I felt warm after he said that. "When I was a kid I used to go around the neighborhood and pretend to solve crimes with Julia. We had this whole game figured out, we even had code cop names and walkie talkies. There was so much innocence in being a kid for me. I don't think it's like that anymore."

He laughed and took my hand. "Ally will I always have you?" He asked.

"Jeremy, there won't be a day in our lives that I won't be there for you. Even at 3 am, or in 20 years. I'm never going to leave you, because I can't. I've realized that I love you, I love being with you. Every time I see you in the hallway, my day is made. It's never going to stop, and I know you don't feel the same way. And that's fine, I can learn to move on."

"You know Ally, remember that story I told you about my 8th grade girlfriend?" He asked.

"Of course I remember."

"Well I was only 13 when she died. And, we never even kissed. Not once, we held hands and hugged. But I never kissed her, we were only kids. I didn't think it would be appropriate."

"Jeremy where are you going with this?" I asked.

"Ally, I have never kissed a girl."

"Okay Jeremy I would expect that from a gay guy."

He laughed, "My first kiss was with Neil actually. We were freshman, and we were at a party. It was the first time we had been high. We were alone at one point, and we let it happen. When we sobered up, we knew we had feelings for each other. And it wasn't going to go away."

I smiled at him. "That's such a romantic story." I said.

"So what about you, how was your first kiss?" He asked.

I felt my heart drop to the bottom of my chest. Not because I've never kissed anyone, but because of my real first kiss. What actually happened, not even Jules knows. "Go ahead Ally, you can tell me." He said. And I knew I could. So I did, I trust him.

"I was 8 when I had my first kiss. The guy's name was Larry, and he used to come over a lot. He was a close family friend." Was all I could say without my heart jumping out of my chest.

"Was he like your elementary school boyfriend?" He giggled.
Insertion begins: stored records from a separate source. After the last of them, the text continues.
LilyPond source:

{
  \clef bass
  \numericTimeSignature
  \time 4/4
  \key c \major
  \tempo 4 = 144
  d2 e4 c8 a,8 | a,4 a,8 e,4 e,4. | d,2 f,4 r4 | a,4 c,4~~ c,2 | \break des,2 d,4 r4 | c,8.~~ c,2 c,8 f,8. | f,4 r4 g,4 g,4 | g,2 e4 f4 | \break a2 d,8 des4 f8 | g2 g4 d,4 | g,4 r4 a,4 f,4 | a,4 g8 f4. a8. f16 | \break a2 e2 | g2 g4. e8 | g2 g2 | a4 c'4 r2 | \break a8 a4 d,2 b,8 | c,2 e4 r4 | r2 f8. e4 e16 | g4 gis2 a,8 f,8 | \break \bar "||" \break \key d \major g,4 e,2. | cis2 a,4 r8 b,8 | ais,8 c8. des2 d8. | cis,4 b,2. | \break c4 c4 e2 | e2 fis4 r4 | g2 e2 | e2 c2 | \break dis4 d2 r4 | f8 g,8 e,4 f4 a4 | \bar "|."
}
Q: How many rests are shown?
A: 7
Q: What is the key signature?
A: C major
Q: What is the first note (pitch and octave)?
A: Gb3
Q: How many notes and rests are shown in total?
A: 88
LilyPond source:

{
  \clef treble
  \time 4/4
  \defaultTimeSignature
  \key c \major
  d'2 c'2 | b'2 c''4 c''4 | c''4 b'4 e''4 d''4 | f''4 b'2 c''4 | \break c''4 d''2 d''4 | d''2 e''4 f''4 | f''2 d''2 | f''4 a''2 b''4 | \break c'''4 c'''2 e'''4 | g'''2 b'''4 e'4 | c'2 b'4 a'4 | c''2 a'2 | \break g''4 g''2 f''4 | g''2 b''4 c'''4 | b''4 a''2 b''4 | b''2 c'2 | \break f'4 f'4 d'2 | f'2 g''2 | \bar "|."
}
"He was 47, and worked with my dad."

And then the room was quiet. The bad type of quiet, the kind that haunted me as a kid. The kind that used to make me cry at night, in fear that Larry was going to come over the next day. It was that kind of quiet, until he spoke up again.

"Did he ever get arrested?"

"Eventually. Many years later, I learned that what he did was wrong. And I immediately told my dad, he said he would take care of it from there. And I never saw Larry again."

And then it was quiet again. Only now, it was the good kind of quiet.